>
Just one example of what I like about systemd, and maybe you can call me new school, but I've really grown to like journald/journalctl.Except the file format does not seem to be ACID and can get corrupted, so if the system crashes you may lose the reasons for said crash. This is strange since SQLite was available at the time, so I'm not sure why they didn't use a battle-tested, known-good format; Howard Chu (of OpenLDAP, etc):
* https://www.linkedin.com/pulse/20140924071300-170035-why-you...
> To me a way to centralize logs and have a tool like this to query them in a relatively advanced way is a major benefit.
Centralizing logs from my perspective is sending them to a central host, which last time I checked, journald could not do, so I have to run (r)syslogd regardless to do off-host log-shipping.
And it's easy enough to tell (r)syslogd to put everything in one file (which is the default on some distros) and optionally do separate file at times. With the added benefit of not necessarily having all of your eggs in one binary basket. And if you want a query-able logging API, you can do that too:
* https://www.rsyslog.com/doc/configuration/modules/omlibdbi.h...
* https://syslog-ng.github.io/admin-guide/070_Destinations/270...
> I find that the complaints about systemd are mainly about UNIX philosphy and not about the actual functionality and benefits of those design choices.
My complaint about systemd is about tight coupling between components.

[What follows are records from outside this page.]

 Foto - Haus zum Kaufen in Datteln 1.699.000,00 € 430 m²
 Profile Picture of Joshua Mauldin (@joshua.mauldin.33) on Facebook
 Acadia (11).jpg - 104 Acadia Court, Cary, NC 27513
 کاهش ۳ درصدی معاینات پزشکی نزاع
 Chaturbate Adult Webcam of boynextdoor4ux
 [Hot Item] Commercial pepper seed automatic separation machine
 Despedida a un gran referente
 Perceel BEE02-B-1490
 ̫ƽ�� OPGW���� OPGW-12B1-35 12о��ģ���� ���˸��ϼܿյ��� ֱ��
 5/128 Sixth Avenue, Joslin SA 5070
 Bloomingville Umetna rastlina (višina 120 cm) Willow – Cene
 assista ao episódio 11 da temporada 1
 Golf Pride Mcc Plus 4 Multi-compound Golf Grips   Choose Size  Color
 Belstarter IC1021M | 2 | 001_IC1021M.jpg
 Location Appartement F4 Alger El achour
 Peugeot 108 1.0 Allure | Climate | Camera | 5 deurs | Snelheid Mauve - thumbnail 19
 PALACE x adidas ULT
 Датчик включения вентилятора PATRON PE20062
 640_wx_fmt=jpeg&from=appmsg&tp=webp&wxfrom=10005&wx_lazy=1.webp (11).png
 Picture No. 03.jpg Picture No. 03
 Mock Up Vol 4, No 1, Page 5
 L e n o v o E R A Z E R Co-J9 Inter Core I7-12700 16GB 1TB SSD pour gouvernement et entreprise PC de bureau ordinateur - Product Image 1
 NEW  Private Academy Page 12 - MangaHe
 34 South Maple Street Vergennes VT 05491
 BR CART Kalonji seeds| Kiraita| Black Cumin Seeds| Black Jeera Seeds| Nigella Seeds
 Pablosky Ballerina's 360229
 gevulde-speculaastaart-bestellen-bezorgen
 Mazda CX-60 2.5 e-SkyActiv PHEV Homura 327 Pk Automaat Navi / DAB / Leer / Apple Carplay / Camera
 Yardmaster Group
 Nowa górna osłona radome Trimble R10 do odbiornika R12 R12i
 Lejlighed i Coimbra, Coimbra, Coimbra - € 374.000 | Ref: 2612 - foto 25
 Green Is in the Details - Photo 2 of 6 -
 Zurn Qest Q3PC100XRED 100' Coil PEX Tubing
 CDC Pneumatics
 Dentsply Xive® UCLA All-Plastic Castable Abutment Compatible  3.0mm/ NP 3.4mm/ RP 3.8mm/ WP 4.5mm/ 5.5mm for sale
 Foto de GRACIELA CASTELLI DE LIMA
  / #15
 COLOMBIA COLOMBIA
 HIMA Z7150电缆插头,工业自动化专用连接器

If someone finds limitations with (e.g.) journald, how do they swap it out or write a replacement? If the systemd folks want to have their own logging system that's fine, but why won't they architect things so it can be swapped out?
> And really it's not like systemd is ripping away your old tools especially in that particular case.
You mean like udev which used to be in a separate repo but the systemd folks took and tightly coupled?